Kennecott Utah Copper Corp. has agreed to $102,000 for discharging arsenic-contaminated waste water into wetlands and the Great Salt Lake.
The money — a $27,000 fine and a $75,000 grant to Utah State University for a statewide septic-tank training program — will settle a complaint filed by the state after a September 1999 break in a waste-water pipeline that runs from the company's smelter to a nearby pump station.
The leak lasted nearly one month before Kennecott discovered it and an estimated 29 million gallons of effluent escaped into wetlands on company property. Some of the waste also worked its way into a pipeline that runs beneath I-80 and drains directly into the Great Salt Lake.

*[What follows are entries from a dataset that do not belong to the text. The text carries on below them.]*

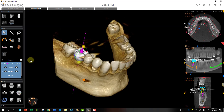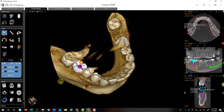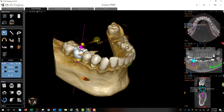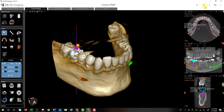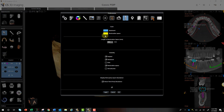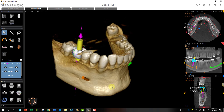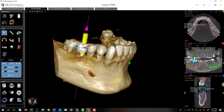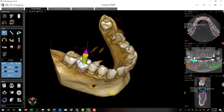Now we can see a couple of things: where the implant is protruding out, and the yellow restorative space. For a better visualization, go into your Preferences, go to Implant, and change your yellow restorative space to 20 millimeters. Now you can much more easily see how that implant is planned and where it's going to project out for restorative purposes.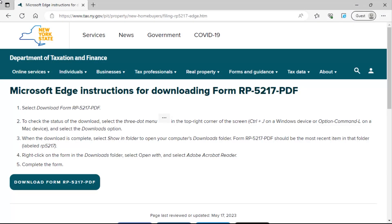In order for the scannable 2D barcode to function on form RP5217, you must download and complete the form using Adobe Acrobat. To download form RP5217 using your Edge browser, select the download form RP5217 PDF button located at the bottom left of the page.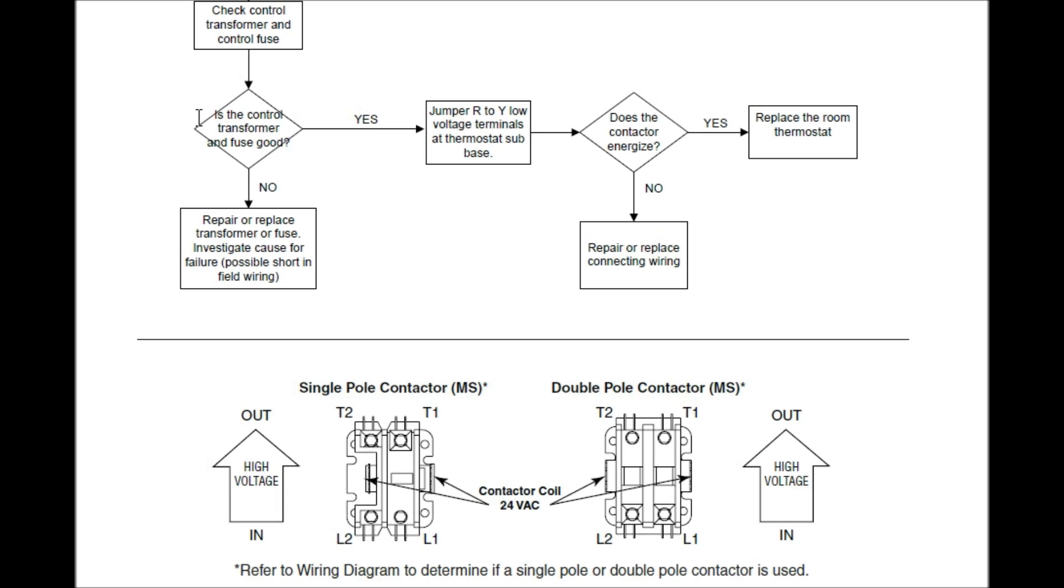Is the control transformer and fuse good? No, it's not. Repair or replace the transformer or fuse. Investigate cause of failure. Possible short in the field wiring. Right here, I can't advocate enough.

State water-quality officials measured arsenic levels at 1.86 milligrams per liter at the outflow's discharge point. That reading was nearly four times the arsenic level allowed by Kennecott's state pollution-discharge permit.

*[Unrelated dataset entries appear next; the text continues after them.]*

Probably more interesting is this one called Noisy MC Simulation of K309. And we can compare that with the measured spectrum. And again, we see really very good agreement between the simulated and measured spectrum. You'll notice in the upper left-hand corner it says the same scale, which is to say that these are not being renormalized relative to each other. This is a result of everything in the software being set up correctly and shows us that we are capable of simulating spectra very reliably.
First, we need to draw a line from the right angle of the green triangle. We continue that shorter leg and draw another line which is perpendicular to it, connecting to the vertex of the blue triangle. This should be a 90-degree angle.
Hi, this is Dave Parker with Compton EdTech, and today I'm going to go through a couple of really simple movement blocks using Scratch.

In large doses, arsenic can be fatal to humans and animals. Officials are unsure what its long-term effects on the Great Salt Lake will be. There is no standard for arsenic in the lake's water, deputy director of the state Division of Water Quality Fred Pehrson said.
Company vice president Bill Williams said the leak went undetected because it was in an area obscured by tall reeds. Kennecott has replaced the pipeline with a double-walled line to reduce the chance of future spills.